Thermite usage is hazardous due to the extremely high temperatures produced and the extreme difficulty in smothering a reaction once initiated. Small streams of molten iron released in the reaction can travel considerable distances and may melt through metal containers, igniting their contents. Additionally, flammable metals with relatively low boiling points such as zinc (with a boiling point of 907 °C, which is about 1,370 °C below the temperature at which thermite burns) could potentially spray superheated boiling metal violently into the air if near a thermite reaction.
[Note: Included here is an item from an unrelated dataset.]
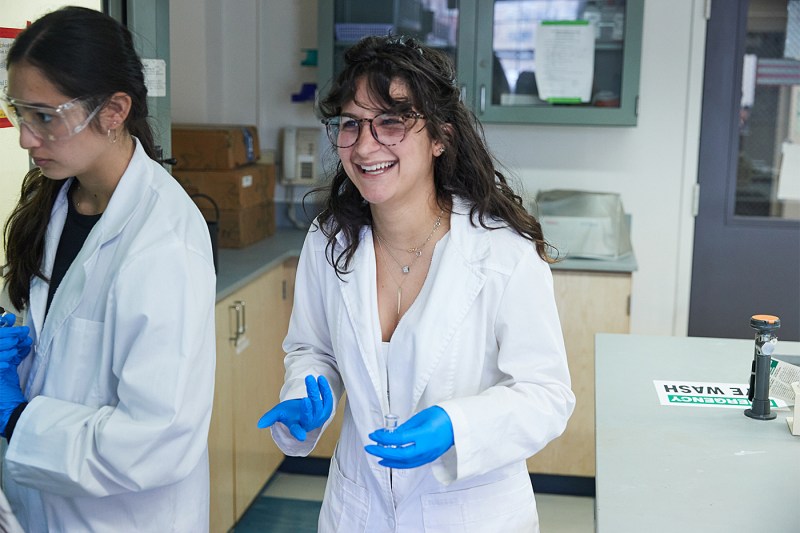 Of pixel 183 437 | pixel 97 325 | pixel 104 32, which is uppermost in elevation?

If, for some reason, thermite is contaminated with organics, hydrated oxides and other compounds able to produce gases upon heating or reaction with thermite components, the reaction products may be sprayed. Moreover, if the thermite mixture contains enough empty spaces with air and burns fast enough, the super-heated air also may cause the mixture to spray. For this reason it is preferable to use relatively crude powders, so the reaction rate is moderate and hot gases could escape the reaction zone.
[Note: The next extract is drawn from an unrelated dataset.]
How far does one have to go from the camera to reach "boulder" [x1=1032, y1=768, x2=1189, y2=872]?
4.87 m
Preheating of thermite before ignition can easily be done accidentally, for example by pouring a new pile of thermite over a hot, recently ignited pile of thermite slag. When ignited, preheated thermite can burn almost instantaneously, releasing light and heat energy at a much higher rate than normal and causing burns and eye damage at what would normally be a reasonably safe distance.

The thermite reaction can take place accidentally in industrial locations where workers use abrasive grinding and cutting wheels with ferrous metals. Using aluminium in this situation produces a mixture of oxides that can explode violently.

Mixing water with thermite or pouring water onto burning thermite can cause a steam explosion, spraying hot fragments in all directions.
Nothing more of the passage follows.